Appetite: Normal – High

Baby Movement: Yes but not nearly as grand

Contractions: Braxton Hicks (maybe)

Other: Stretch Marks

The biggest change has been stretch marks! My hubby took the picture above which is when I realized how many I have. Originally I wasn’t going to post it then I was going to use filters until it went away but I realized something. This blog isn’t for monetary gain, how to’s, self help or anything of that nature. This blog is simply to document things during my pregnancy for my son and myself because lets face it I could forget all this stuff. SO I decided to leave in the super unflattering picture of my stretched stomach.

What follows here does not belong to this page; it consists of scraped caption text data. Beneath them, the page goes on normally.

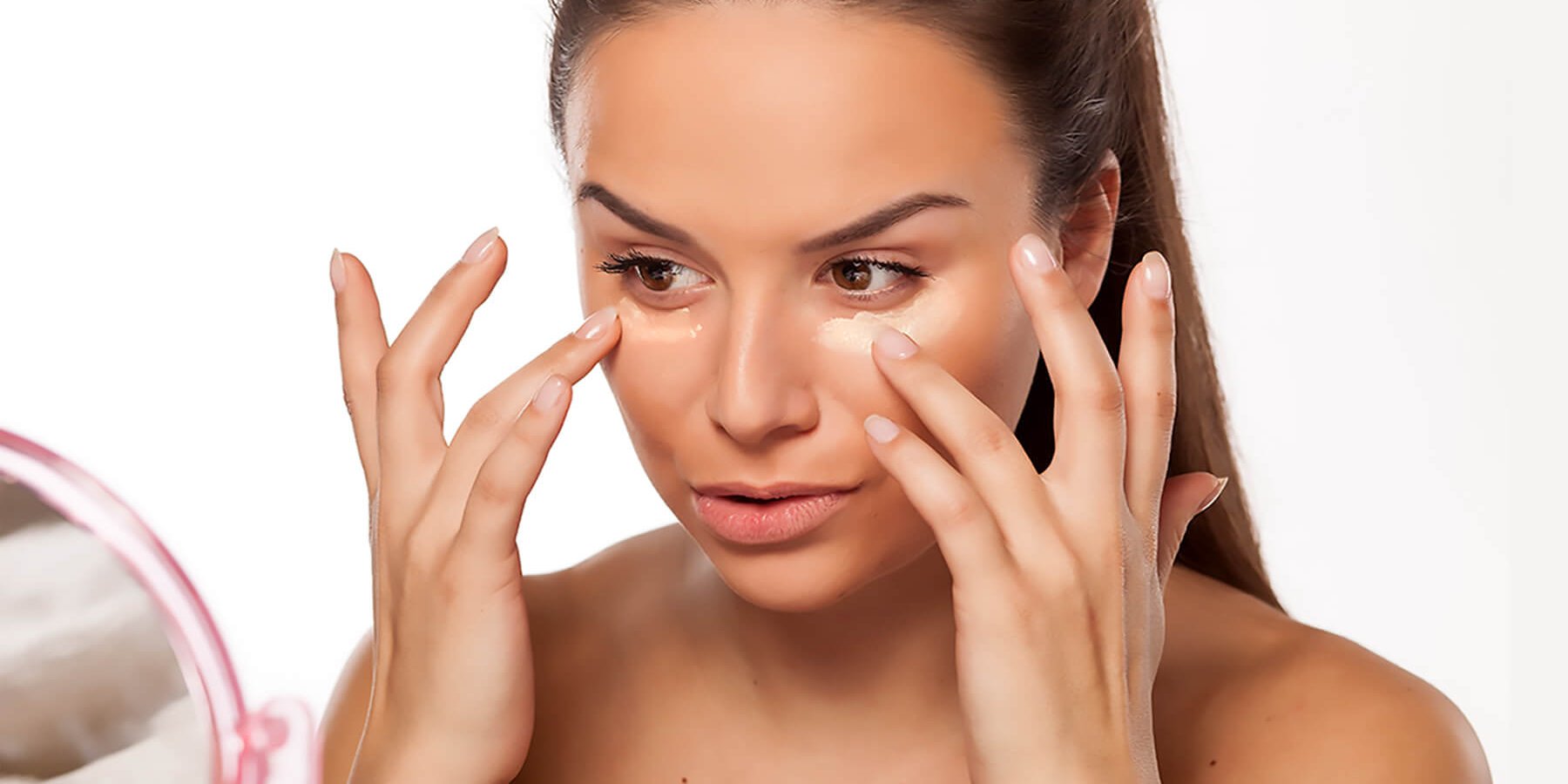 Maquillaje-en-polvo-vs-liquido-coverac maquillaje en polvo vs liquido coverac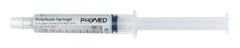 Förfylld spruta Polyflush DS - 10ml 0,9% NaCl LL helt steril - 30 st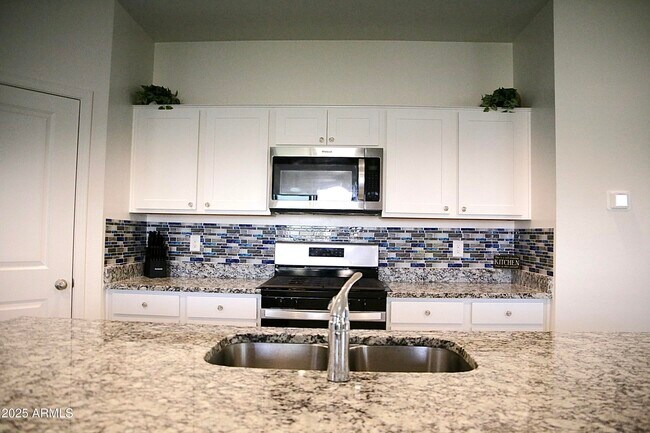 Photo - 5542 W Moody Trl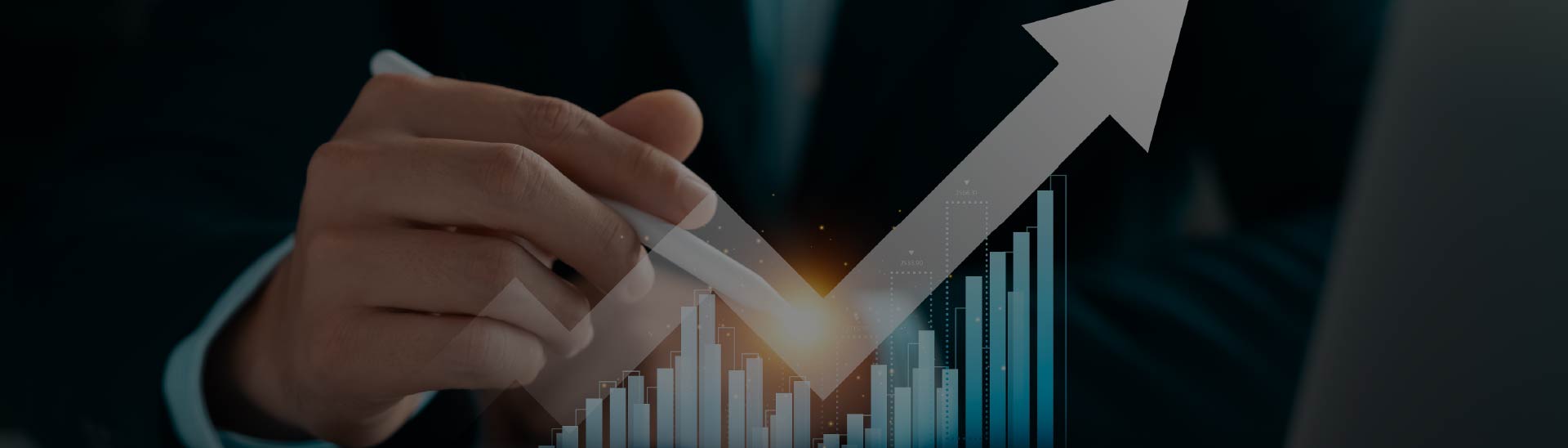 Finanzas personales e inversión Finanzas personales e inversión
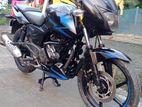 Bajaj Pulsar ডাবল ডিস্ক 2021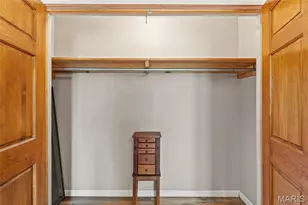 1310 Tillman Rd, Farmington, MO 63640 - Photo 27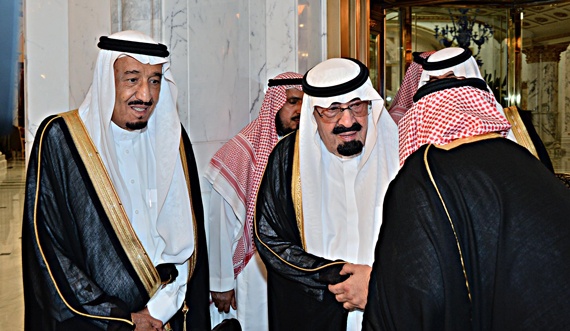 مجلس الوزراء يدعو المخالفين إلى انتهاز مهلة تصحيح الأوضاع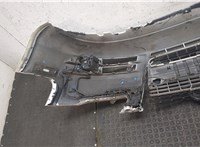 8E0807105D Бампер Audi A4 (B7) 2004-2009 9322895 #7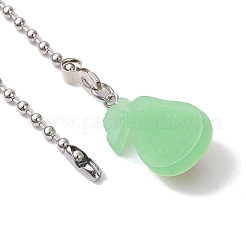 Fruit Vegetable Resin Ceiling Fan Pull Chain Extenders&nbsp;FIND-JF00117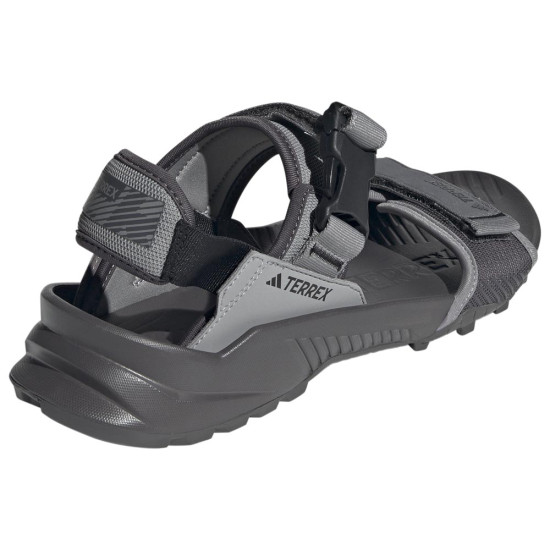 Adidas Terrex Hydroterra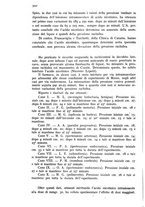 giornale/CFI0388512/1944/unico/00000396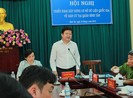3 điều cần biết khi công an tới nhà thu thập thông tin dân cư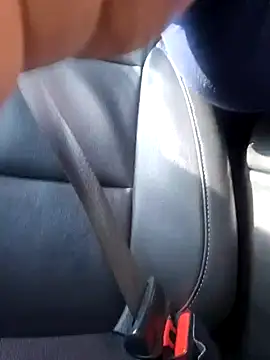  SweetDsire  online show from 01/08/26, 04:42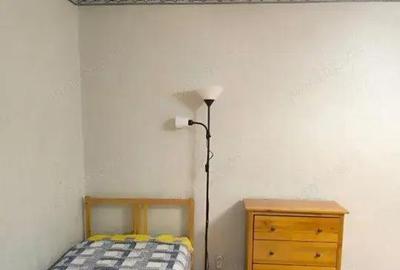 Apartament cu o camera in zona Balcescu - 2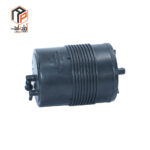 عکس کنیستر بنزین 405 و سمند طرح جدید استکان تبخیر IPNC- 100193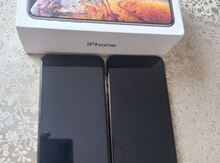 Apple iPhone XS Max Gold 64GB/4GB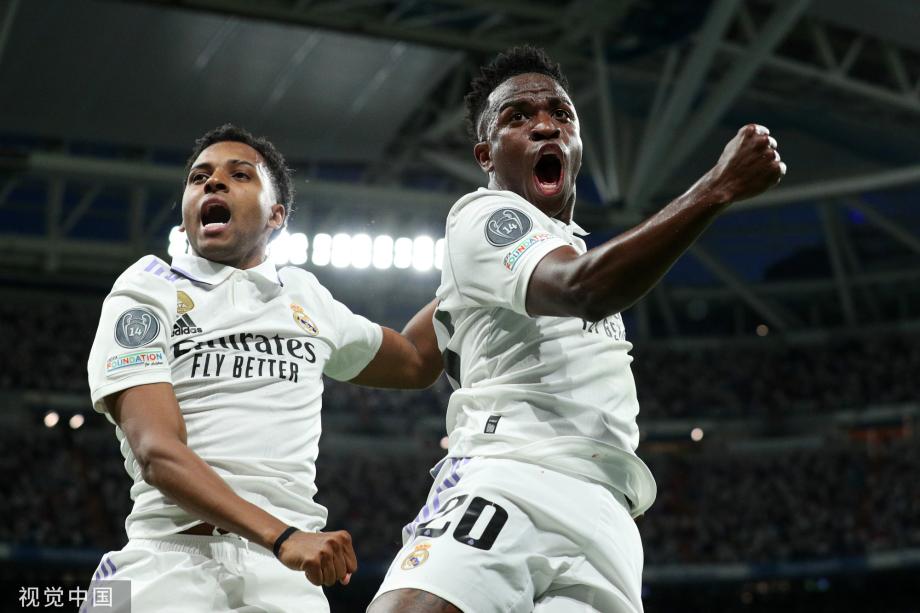 代篮球中 代篮球中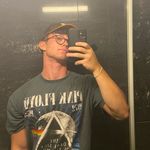 Samuel Maniscalchi Bäckman - @s_maniscalchi_ - Instagram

Plus I figure if someone does come across this blog in hopes to find something that makes them feel better about their stretch marks then here it is for them to see they are not alone. But in true vanity I removed my face because I’m just not ready to be a Meme… Not that my blog is viewed enough to become meme worthy but you never know and I am a paranoid person. That’s all for this update but 35 week update will have more if I remember because I’ll have another doctor’s appointment, a class and an update on the wonderfully unexpected gifts we’ve received for our little man.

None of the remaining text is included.